Why it survives node addition

Add Node D at position 2.0B. Only the keys whose ring positions fall between Node B (800M) and Node D (2.0B) change ownership — they move from C to D. Every other key stays put. With N evenly-distributed nodes, adding a node moves 1/N of keys — vs. ~100% with mod-N hashing. At 16 nodes, that's 6.25% rebalanced instead of 100%. The cache stays warm.

Virtual nodes — fixing distribution skew

Plain consistent hashing has a problem: if you only have 3 nodes, their random ring positions might leave one node with 60% of the arc and another with 10% — load imbalance. The fix: each physical node is hashed onto the ring at ~256 different positions ("virtual nodes" or "vnodes"). With thousands of points scattered around the ring, the law of large numbers makes the per-node arc length nearly uniform. Each physical node ends up owning ~1/N of the total arc, just split into 256 small pieces instead of one big one.

❌ `hash(key) % N`

Simple, fast. But: changing N means rehomeing nearly every key. A 4→5 node migration moves ~80% of the cache. Useless in a growing cluster.

✅ Consistent hashing with vnodes

Slightly more complex (need to maintain a sorted ring data structure). Wins: 4→5 node migration moves ~20% of keys (1/N of the new size). Distribution is uniform thanks to vnodes.

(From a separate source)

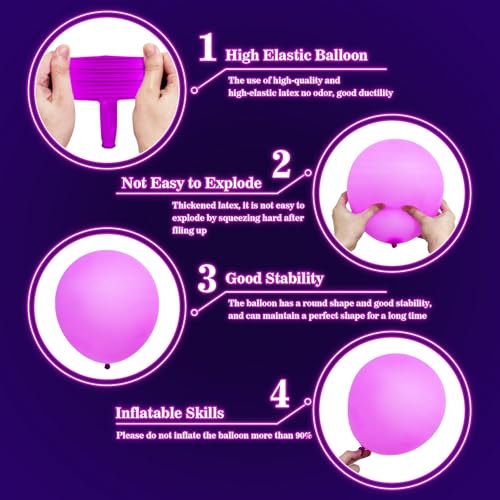 100 Pcs UV Neon Balloons, Neon Glow Party Balloons UV Black Light Balloons Glow in the Dark for Birthday Decorations Weddi...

Production-grade.

The "so what" line: consistent hashing is what lets you add a cache node at 2 PM on a Tuesday without taking the site down. It's the difference between scaling being a routine deploy versus a midnight maintenance window.

Step 7

Replication Strategies

Replication is the answer to "what happens when a node dies?" but the choice of sync vs async is one of the deepest trade-offs in distributed systems — latency vs durability, picked once and lived with for years.

⚡ Async replication (default for caches)

The primary writes to its own RAM, returns success to the client immediately, and ships the change to the replica in the background. Write latency: ~0.2 ms (the local write only). Risk: if the primary crashes after acking but before replicating, the last few milliseconds of writes are lost.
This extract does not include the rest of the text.